JANGAN SAMPAI PENGELUARAN YANG SEHARUSNYA BISA DIHEMAT JUSTRU DINORMALISASI.
Ini sejalan dengan instruksi efisiensi belanja yang berulang kali disampaikan Presiden Prabowo kepada seluruh jajaran pemerintah, termasuk pemerintah daerah. Ukuran keberhasilan pemerintah bukan seberapa mewah kegiatan dilaksanakan.
UKURANNYA ADALAH SEBERAPA BESAR MANFAAT APBD YANG KEMBALI KEPADA RAKYAT.

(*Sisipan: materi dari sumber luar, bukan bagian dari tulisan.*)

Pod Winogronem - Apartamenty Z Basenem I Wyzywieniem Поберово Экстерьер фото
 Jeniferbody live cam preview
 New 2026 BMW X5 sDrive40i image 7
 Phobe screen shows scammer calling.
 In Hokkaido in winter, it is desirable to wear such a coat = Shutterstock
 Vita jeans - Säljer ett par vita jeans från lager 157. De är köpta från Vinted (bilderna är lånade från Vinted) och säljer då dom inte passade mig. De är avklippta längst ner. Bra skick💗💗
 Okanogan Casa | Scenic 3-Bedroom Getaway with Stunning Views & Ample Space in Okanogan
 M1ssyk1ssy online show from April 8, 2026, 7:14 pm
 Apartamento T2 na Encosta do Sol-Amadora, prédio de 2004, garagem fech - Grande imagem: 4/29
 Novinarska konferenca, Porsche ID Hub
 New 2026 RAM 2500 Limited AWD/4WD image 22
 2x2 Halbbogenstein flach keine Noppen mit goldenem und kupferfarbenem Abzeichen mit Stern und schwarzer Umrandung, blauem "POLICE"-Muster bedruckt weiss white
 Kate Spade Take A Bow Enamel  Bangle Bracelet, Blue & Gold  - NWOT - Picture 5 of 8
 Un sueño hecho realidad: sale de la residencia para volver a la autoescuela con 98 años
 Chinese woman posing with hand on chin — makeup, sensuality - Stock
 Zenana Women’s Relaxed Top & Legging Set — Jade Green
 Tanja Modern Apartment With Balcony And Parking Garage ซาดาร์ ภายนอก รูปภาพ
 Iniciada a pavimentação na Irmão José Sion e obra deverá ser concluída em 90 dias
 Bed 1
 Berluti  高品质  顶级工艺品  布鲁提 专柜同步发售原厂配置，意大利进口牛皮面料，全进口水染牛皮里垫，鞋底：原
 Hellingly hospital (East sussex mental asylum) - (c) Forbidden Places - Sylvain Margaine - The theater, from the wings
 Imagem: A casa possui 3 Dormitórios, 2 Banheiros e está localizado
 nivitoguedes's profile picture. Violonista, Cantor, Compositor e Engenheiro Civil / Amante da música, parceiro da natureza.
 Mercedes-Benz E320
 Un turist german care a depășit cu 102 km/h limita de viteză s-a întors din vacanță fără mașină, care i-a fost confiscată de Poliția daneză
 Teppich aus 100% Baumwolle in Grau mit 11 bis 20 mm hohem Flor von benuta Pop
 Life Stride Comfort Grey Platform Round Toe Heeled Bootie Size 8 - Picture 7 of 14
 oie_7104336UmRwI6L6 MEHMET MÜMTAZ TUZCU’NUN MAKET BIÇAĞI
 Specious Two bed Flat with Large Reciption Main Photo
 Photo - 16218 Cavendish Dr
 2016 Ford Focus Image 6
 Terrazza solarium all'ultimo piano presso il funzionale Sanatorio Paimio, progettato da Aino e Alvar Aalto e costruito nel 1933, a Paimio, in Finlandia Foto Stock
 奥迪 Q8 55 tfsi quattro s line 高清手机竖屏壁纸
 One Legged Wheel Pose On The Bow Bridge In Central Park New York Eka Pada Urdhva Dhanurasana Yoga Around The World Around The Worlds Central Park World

Sementara rombongan bimtek berdiskusi di ruang berpemandangan pegunungan, di kampung-kampung Kabupaten Pasuruan ada anak-anak yang masih berangkat sekolah lewat jalan berlubang, ada keluarga yang berhemat demi bisa membayar SPP, dan ada lansia yang menahan sakit karena biaya berobat belum terkumpul. Mereka tidak pernah diajak rapat soal Bimtek ini, tapi merekalah yang menanggung akibatnya kalau uang rakyat tidak dipakai sehemat mungkin. (Syr)
EFISIENSI BUKAN KEMAMPUAN MEMBELANJAKAN ANGGARAN. EFISIENSI ADALAH MENCAPAI TUJUAN DENGAN BIAYA YANG SEWAJARNYA.
Opini publik Ismail Makky, SE., SH., MM.